Segment Start: Provided data

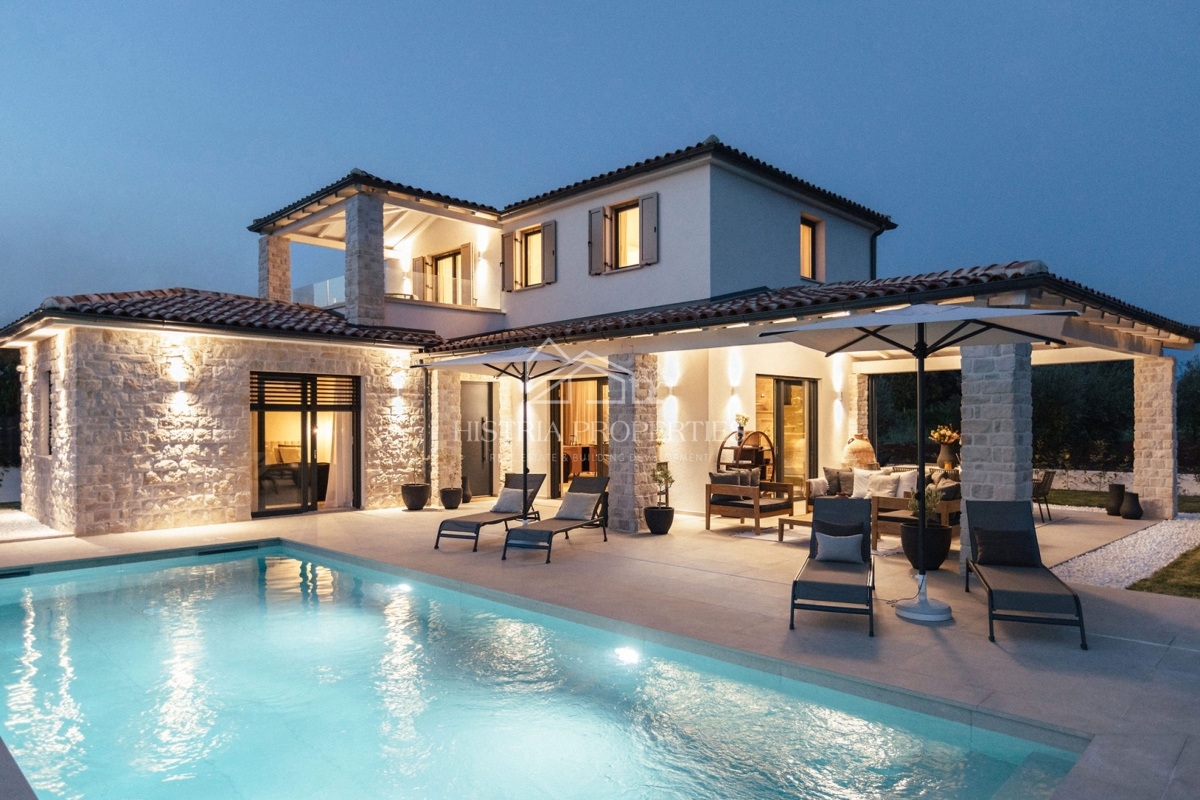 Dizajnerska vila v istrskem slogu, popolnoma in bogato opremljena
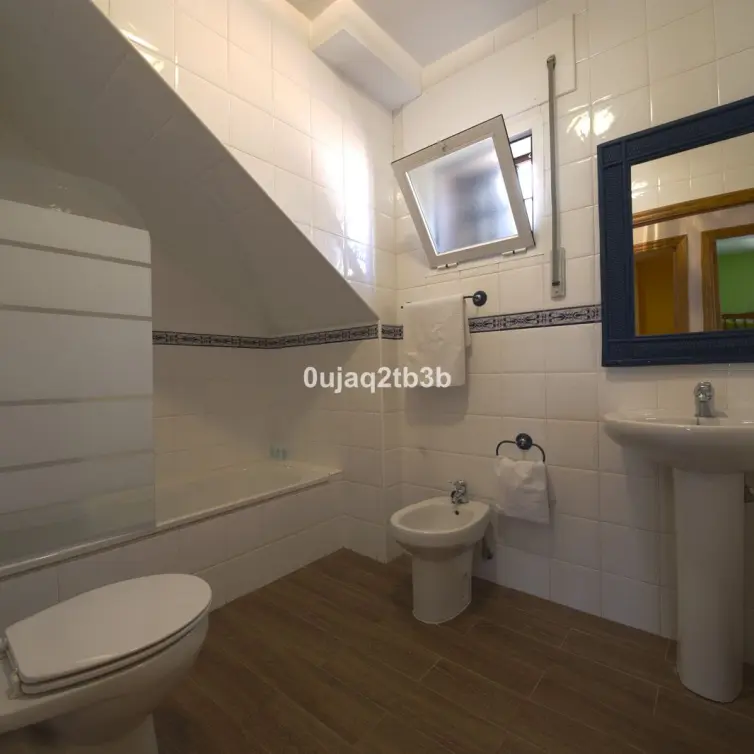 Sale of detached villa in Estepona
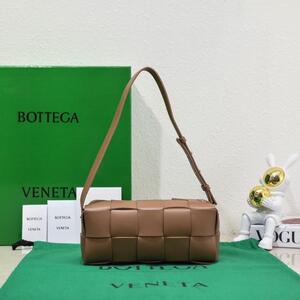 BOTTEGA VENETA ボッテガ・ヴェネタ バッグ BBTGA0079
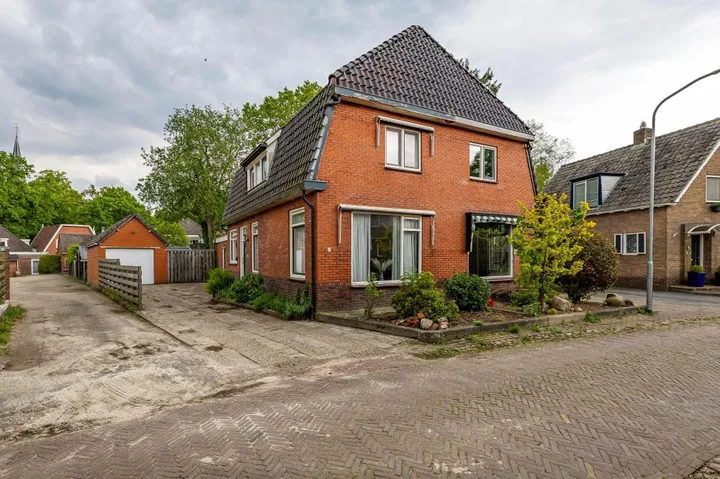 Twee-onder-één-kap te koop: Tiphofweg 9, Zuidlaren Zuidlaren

Segment End: Provided data

Go through the data above and transcribe it in full, omitting any image.

 Dizajnerska vila v istrskem slogu, popolnoma in bogato opremljena
 Sale of detached villa in Estepona
 BOTTEGA VENETA ボッテガ・ヴェネタ バッグ BBTGA0079
 Twee-onder-één-kap te koop: Tiphofweg 9, Zuidlaren Zuidlaren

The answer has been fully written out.